So what Kneale and Guest have crafted here is a body snatcher story, and there are elements of Quatermass 2 that are quite reminiscent of the story Kneale wrote when he was brought in to write a “witchcraft meets the computer age” story for Halloween III: Season of the Witch. Director Tommy Lee Wallace, who rewrote Kneale’s Halloween III script (as did producer John Carpenter, but he went uncredited), describes Halloween III as a “pod people” movie, or a body snatcher movie, and Kneale or the people who rewrote him definitely brought over some Quatermass 2 set-ups when they were working on the script. Even though the movies are very different overall.

The Quatermass Xperiment was a bit slow for a good portion of its running time, and Quatermass 2 moves along at a much faster pace, with more going on. There’s even a shootout between our heroes and the alien servants at the climax of the film, which is much livelier than the climax of Xperiment, where people have to figure out how to electrocute an alien blob that’s just sitting in a church. Returning from Xperiment, Brian Donlevy was also able to make the Quatermass character more likeable in this film, and it’s nice when you don’t have to think your lead character is a cold jerk.

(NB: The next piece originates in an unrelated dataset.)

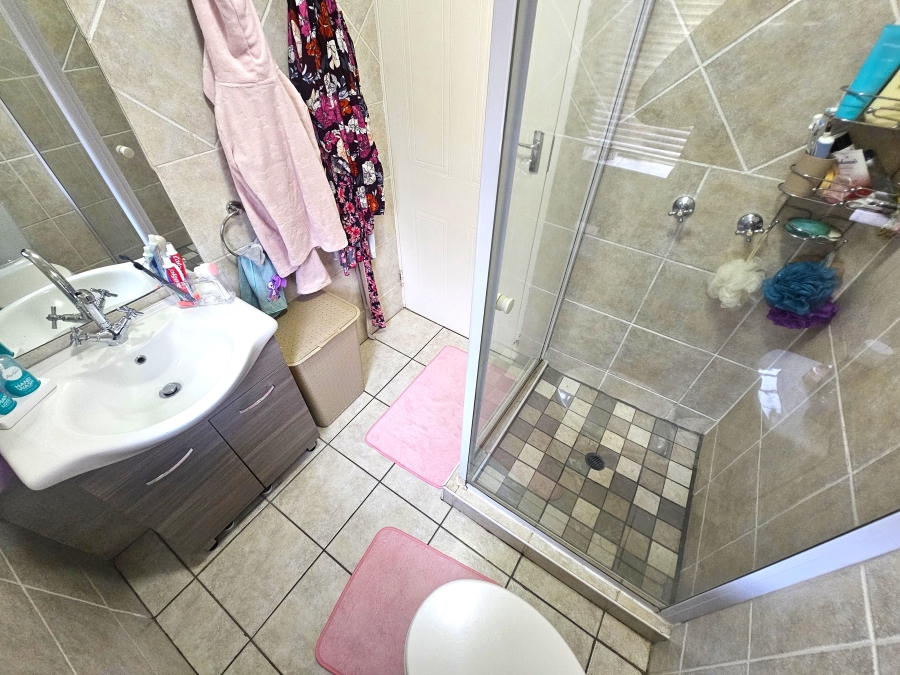 2 Bedroom Property for Sale in The Wilds Gauteng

The Quatermass Xperiment is a good time, but I felt that Quatermass 2 was an even better time.


DEXTER SEASON FIVE (2010)

For its first four seasons, the Showtime series Dexter was brought to the screen under the guidance of showrunner Clyde Phillips... but for the fifth season, Phillips stepped back into a consultant role and passed showrunner duties over to Chip Johannessen – who wasn’t an existing staff member getting a promotion, but rather a completely new addition to the show. That could have been a recipe for disaster, and there are post-Phillips seasons of Dexter that fans do seem to think were something of a disaster, but in this case, it worked out. From what I can tell, longtime fans appear to be generally positive about season 5 – and I thought it was great.

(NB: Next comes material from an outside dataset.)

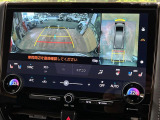 【パノラミックビューモニター】専用のカメラにより、上から見下ろしたような視点で360度クルマの周囲を確認することができます☆死角部分も確認しやすく、狭い場所での切り返しや駐車もスムーズに行えます。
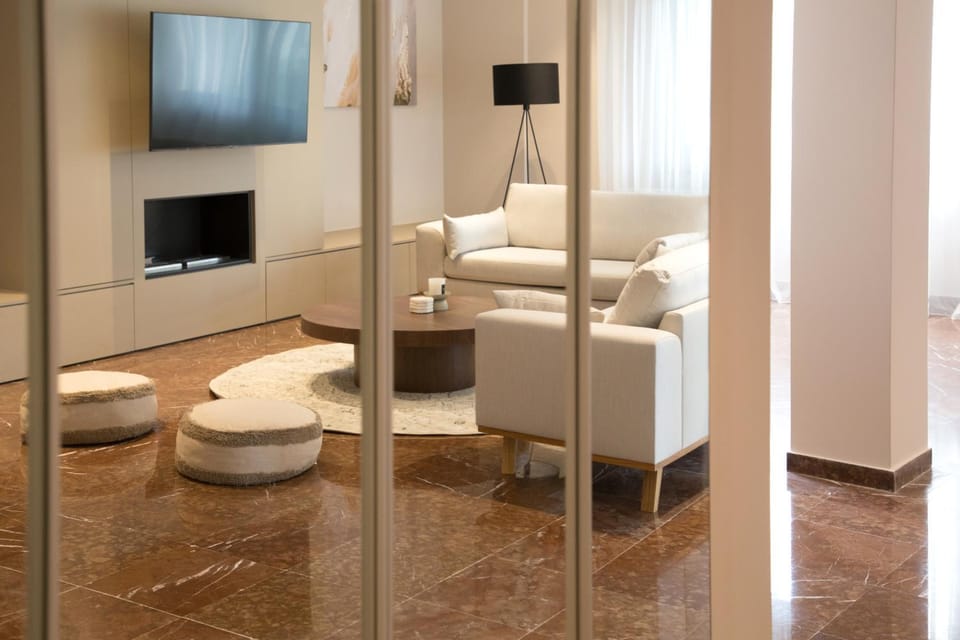 TV and multimedia, Seating area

Dexter stars Michael C. Hall as Dexter Morgan, a blood splatter analyst for the homicide division of the Miami Metro police department. For as long as he can remember, Dexter has felt compelled to commit murder, but his foster father recognized this in him and raised him to follow a strict code: Dexter only kills the deserving, people who have committed murders of their own. So he’s basically a serial killer vigilante, and the fifth season of the show leans into the vigilante aspect of the character in a major way. Sure, he does murder a person in cold blood right up front because he’s dealing with some serious emotional issues, the loss of a loved one, but soon enough he’s in vigilante mode, and that’s because of a woman with the strange name of Lumen.

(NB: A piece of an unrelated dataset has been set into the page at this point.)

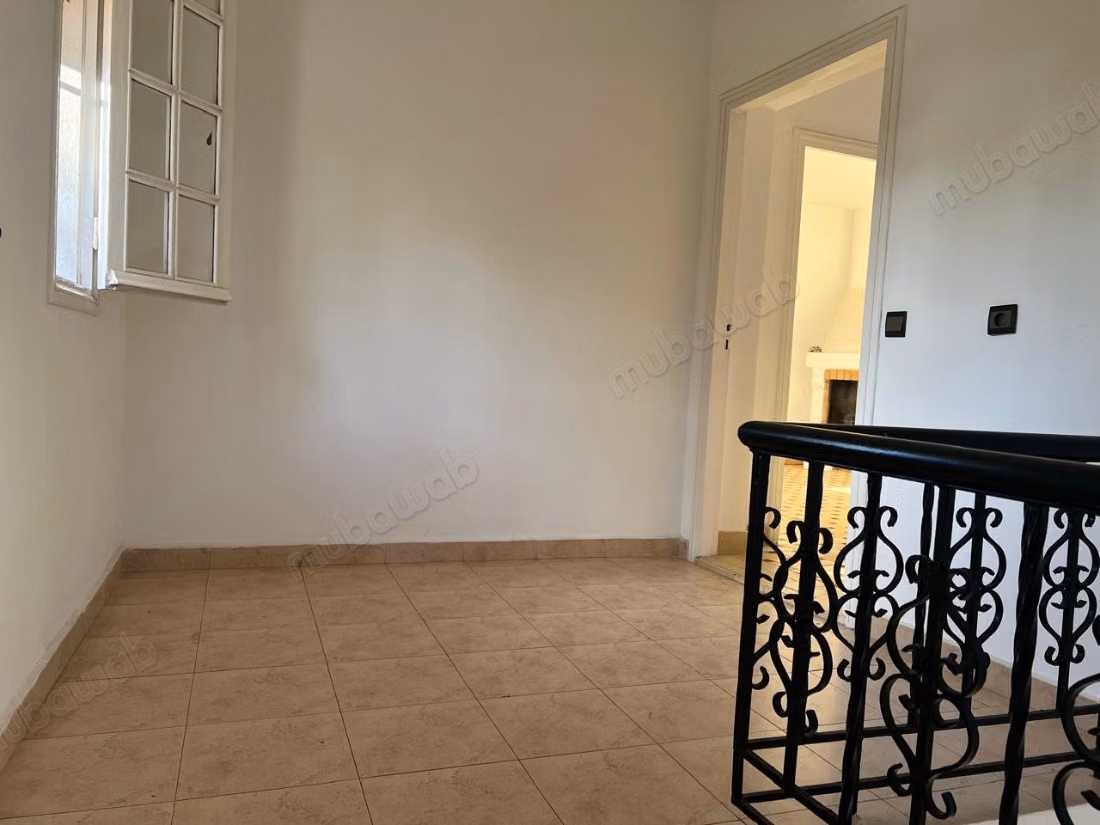High-end villa for rent in Bourgogne Ouest. Area 500 m²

Several women have been tortured and murdered, their bodies sealed in barrels filled with formalin that are then dumped in a swamp. Dexter thinks he has taken out the man responsible – but when he finds Lumen (Julia Stiles) being kept captive in the man’s house, he finds out he was only one of several people who have done these terrible things. Lumen wants to wipe out the whole group and Dexter dedicates himself to helping her do so... and along the way, the character who once believed that he was incapable of having feelings but has been evolving throughout the series starts to have some serious feelings for the woman he’s helping. It was very interesting to watch Dexter and Lumen’s interactions and how they change as the season goes on, and it was also quite interesting to follow their quest of vengeance, which takes some twists and turns as it goes.

While Dexter and Lumen are taking out horrible people, Jonny Lee Miller makes an intriguing addition to the cast as questionable self-help guru Jordan Chase, homicide detective Joey Quinn (Desmond Harrington) gets suspicious of Dexter while striking up a romantic relationship with Dexter’s homicide detective sister Debra (Jennifer Carpenter), Sergeant Angel Batista (David Zayas) and Lieutenant María LaGuerta (Lauren Vélez) have a bumpy start to their marriage, and a disgraced cop played by RoboCop himself, Peter Weller, gets uncomfortably close to figuring out exactly what Dexter is up to.

Clyde Phillips may not have been calling the shots, but Dexter hasn’t lost anything as of season 5. This batch of episodes still made for a great viewing experience and I was fascinated by the story of Dexter and Lumen every step of the way.


HERCULES (1958)

I know next to nothing about Roman mythology or about the Greek mythology that inspired some of it, but thanks to movies and comic books I am aware that Hercules is a legendary demi-god known for his great strength and his many adventures. Writer/director Pietro Francisci and co-writers Ennio De Concini and Gaio Frattini mixed together some of the classic myths with their 1958 Italian production Hercules, which cast American bodybuilder Steve Reeves in the title role, and while their telling of the stories isn’t exactly captivating (at least not to the eyes of this adult, watching the movie for the first time in 2024), they certainly managed to pack a lot of different of adventures into the movie’s 103 minute running time. The movie is so eventful and episodic, it’s easy to see why it earned a lot of young fans when it was first released, turning Steve Reeves into an international star for a brief period of time... which was long enough to inspire a young Arnold Schwarzenegger to get into body building.

The film begins with Hercules saving the life of Princess Iole of Iolcus when the horses pulling her chariot go wild. Hercules and Iole will quickly fall in love, but their relationship is complicated by the fact that Hercules suspects her father, King Pelius, of winning the throne by murdering the former king, his brother. Hercules is right to be suspicious because Pelius is responsible for his brother’s death, since he wanted to make sure his worthless son Ephesus would eventually become king. But the man who Pelius blames for the crime is Hercules’ mentor Chirone, who has been missing (along with the king’s son Jason) ever since the murder. When Hercules and Iole arrive in Iolcus, Pelius asks Hercules to train Ephesus and prepare him to become king – but Ephesus is a tool, so the training doesn’t go well. And when Hercules sets out to take care of a man-eating lion problem, Ephesus tags along and gets himself killed.

So Hercules is tasked with taking down the Cretan Bull to redeem himself, and while he’s out doing that he crosses paths with Chirone and Jason, who should have taken his father’s place on the throne instead of Pelius, but he can’t do so until they recover the royal symbol known as the Golden Fleece, which was lost at sea when Chirone and Jason went on the run. Hercules, Jason, and the Argonauts head out on the quest for the golden fleece, which takes up the second half of the movie and includes encounters with Amazons, beast men, and a dragon / dinosaur that sounds suspiciously like Godzilla. There’s also a scene where the immortal Hercules asks the gods to grant him mortality so he can love Iole like a normal man, but the fact that he becomes mortal doesn’t have much bearing on what happens in the rest of the movie. He still survives some tough situations and remains incredibly strong.

Hercules isn’t a great sword and sandal adventure, but what was mind-blowing for kids in ‘58 still has a cheesy charm and entertainment value today (the battles with the lion and the bull are especially amusing). It’s a fun, goofy way to pass some time, and features some nice visuals because Mario Bava was the cinematographer.